When Yehudi Menuhin started the competition for young violinists that bears his name, it was held in Folkestone. Since then it’s had a peripatetic existence: two years ago it took place in Austin, Texas, but to mark the year of the centenary of Menuhin’s birth it has returned to London for the first time since 2004. This year’s competition began in earnest on 8 April at the Royal Academy of Music, but it launched the previous evening with a concert given by the Philharmonia conducted by Kazuki Yamada, with performances by four previous prize winners.

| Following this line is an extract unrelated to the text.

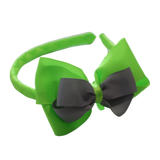 School Woven Double Cherish Bow Headband School Uniform Headband Hair Accessories Pinkberry Kisses Key Lime Light Grey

Though it styles itself as “the world’s leading international violin competition for players under 22”, the list of previous Menuhin winners isn’t exactly crammed with household names. In any concert designed as a celebration, there’s always a tendency towards self-congratulation. So there were some introductory platitudes, and a rather awkward parade of this year’s finalists before the concert began with Yamada’s rather fine, purposeful account of Elgar’s Cockaigne Overture. That turned out to be the highlight of the evening, though there was plenty of fine violin technique on display, and even moments of genuine musical insight, too: Tasmin Little brought lyrical sweetness to the rhapsodic solo line of Gustav Holst’s early, Max Bruch-like A Song of the Night, while Ray Chen launched into Brahms’s Violin Concerto with tremendous energy and intensity, even if it all became a bit too relentless before the end.
Neither of the other two soloists were playing pieces that demanded much of their musicality, though. The winner of the junior competition two years ago, Rennosuke Fukuda, certainly dispatched Franz Waxman’s Carmen Fantasie with every bit of the brilliance it needs, while Jianfeng Chen got to give the world premiere of the solo-violin test piece commissioned for this year’s senior competition from Roxanna Panufnik. Her Hora Bessarabia is a perfectly efficient homage to Romanian Gypsy music in a slow-fast form, though stylistically it would have seemed old-fashioned 100 years ago. But then as the repertoire for this competition seems to pretend that music ended 100 years ago with Prokofiev, perhaps that was appropriate.
• The Menuhin Competition continues until 17 April.